Swan 57 RS

Development
- Designer: Germán Frers
- Location: Finland
- Year: 1996
- No. built: 10
- Builder: Oy Nautor AB
- Role: Cruiser
- Name: Swan 57 RS

Boat
- Displacement: 54,013 lb (24,500 kg)
- Draft: 7.55 ft (2.30 m)

Hull
- Type: monohull
- Construction: glassfibre
- LOA: 57.38 ft (17.49 m)
- LWL: 44.52 ft (13.57 m)
- Beam: 15.91 ft (4.85 m)
- Engine: Perkins Engines 125 hp (93 kW) diesel engine

Hull appendages
- Keel: Fin keel
- Ballast: 20,348 lb (9,230 kg)
- Rudder: Spade-type rudder

Rig
- Rig type: Bermuda rig
- I foretriangle height: 69.39 ft (21.15 m)
- J foretriangle base: 20.67 ft (6.30 m)
- P mainsail luff: 61.22 ft (18.66 m)
- E mainsail foot: 20.67 ft (6.30 m)

Sails
- Sailplan: Masthead sloop
- Mainsail area: 632.71 sq ft (58.781 m^{2})
- Jib/genoa area: 717.15 sq ft (66.625 m^{2})
- Total sail area: 1,349.86 sq ft (125.406 m^{2})

Racing
- PHRF: 42-45

= Swan 57 RS =

Sailboat class

The Swan 57 RS (Raised Salon) is a Finnish sailboat that was designed by Germán Frers as a cruiser and first built in 1996.
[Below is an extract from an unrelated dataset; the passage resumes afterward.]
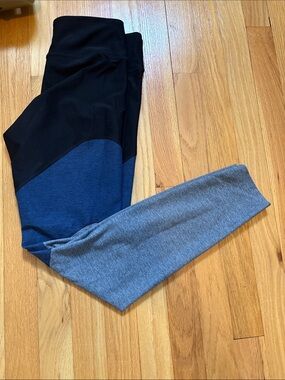 Outdoor Voices Colorblock Leggings in Black, Blue & Gray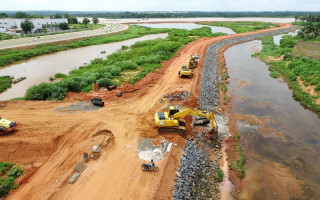 Obras no local onde será o Complexo de Negócios da Via Lago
The design is sometimes confused with the unrelated 1977 Sparkman & Stephens Swan 57 or the 1990 Swan 57CC Frers designs.

==Production==
The design was built by Oy Nautor AB in Finland, from 1996 until 2001, with ten boats completed, but it is now out of production.

==Design==
The Swan 57 RS is a recreational keelboat, built predominantly of glassfibre, with wood trim. It has a masthead sloop rig with three sets of spreaders, a raked stem, a reverse transom, an internally mounted spade-type rudder controlled by a wheel and a fixed fin keel or optional stub keel and centreboard. It has a raised salon coach house to provide additional light and headroom below decks. It displaces 54013 lb and carries 20348 lb of ballast.

The boat has a draft of 7.55 ft with the standard fin keel.
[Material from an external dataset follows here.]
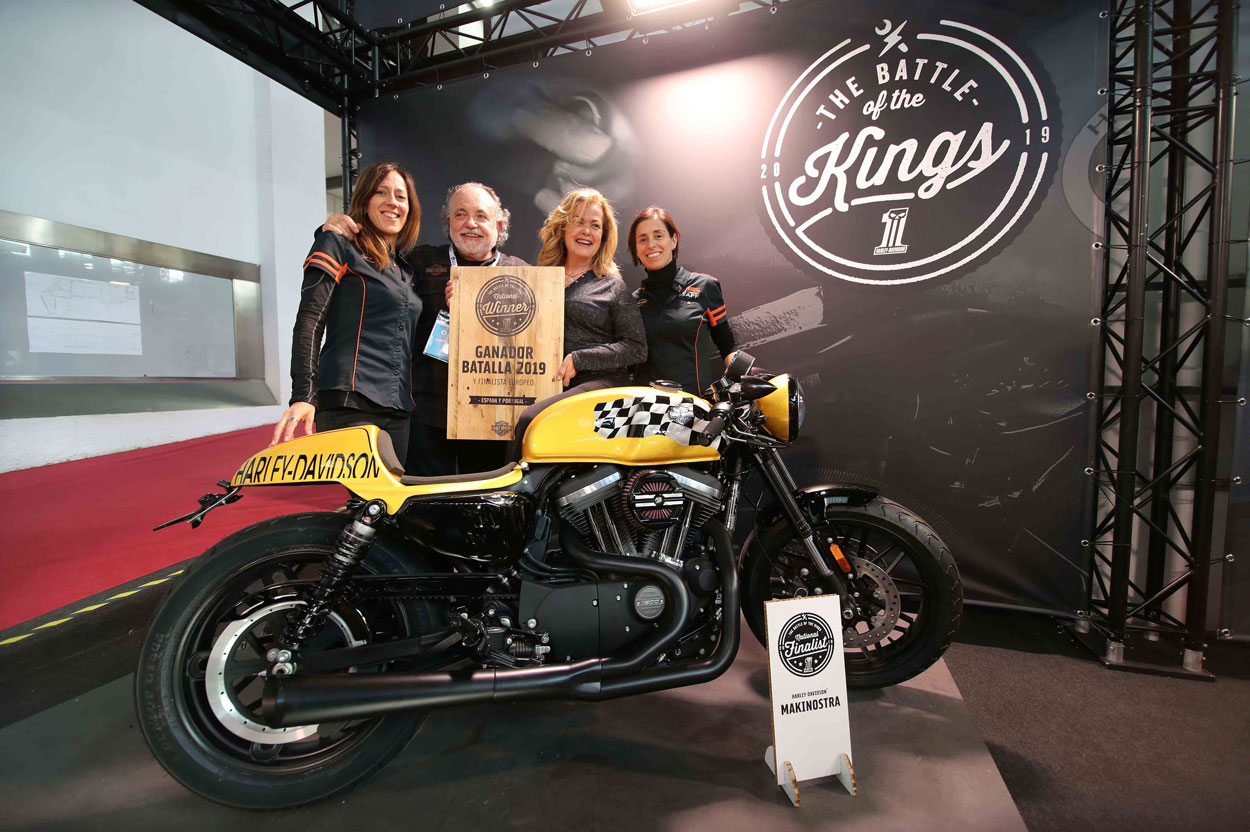 Victor Romero de Harley Davidson Makinostra junto con Marta Suriñach y Carmen López de Harley Davidson España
The boat is fitted with a British Perkins Engines diesel engine of 125 hp for docking and manoeuvring. The fuel tank holds 277 u.s.gal and the fresh water tank has a capacity of 272 u.s.gal.

The design was built with several different interior layouts. Typical is one that has sleeping accommodation for six people, with a double "V"-berth in the bow cabin, a forward cabin with two bunk beds, a U-shaped settee in the main cabin and an aft cabin with a central double island berth. The galley is located on the starboard side abeam the companionway ladder. The galley is L-shaped and is equipped with a four-burner stove, an ice box and a sink. A navigation station is forward of the galley, on the starboard side. There are two heads, one amidships on the starboard side and one on the port side in the aft cabin.
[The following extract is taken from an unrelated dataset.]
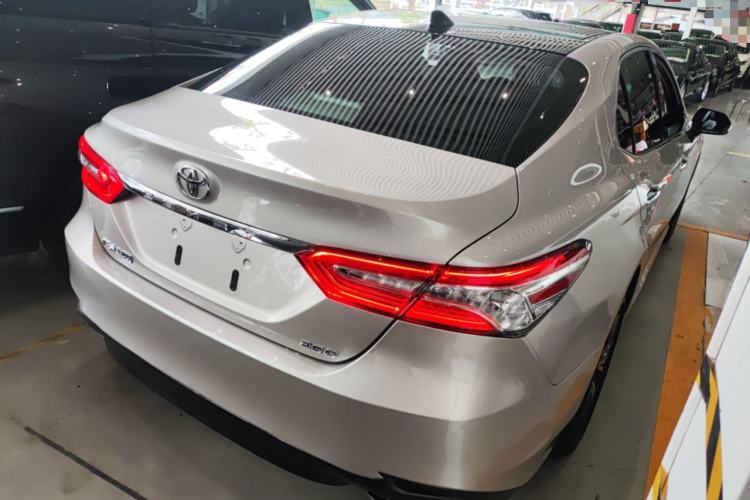 Used Toyota Camry 2021 2.5G Luxury Edition Rear Right 45 Deg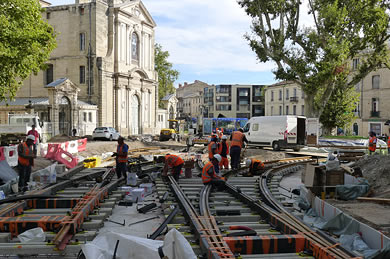Arbeiter verlegen Eisanbahnschienen im Stadtgebiet von Montpellier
The design has a hull speed of 8.94 kn and a PHRF handicap of 42 to 45.

==Operational history==
In a 2000 boats.com design review, naval architect Robert Perry wrote, "this new 57-footer from Nautor began life as a German Frers 55-footer. I think it is pretty clear, looking at the drawings, that the stern was pulled out. Still, the elegance is there, and the sheer has not suffered with the extended stern. Oftentimes the entire balance of the sheerline is thrown off when the stern is extended. We would have to look long and hard to find an ugly Swan, but the new Swan 57RS does break from the accepted Swan wedge-type deck."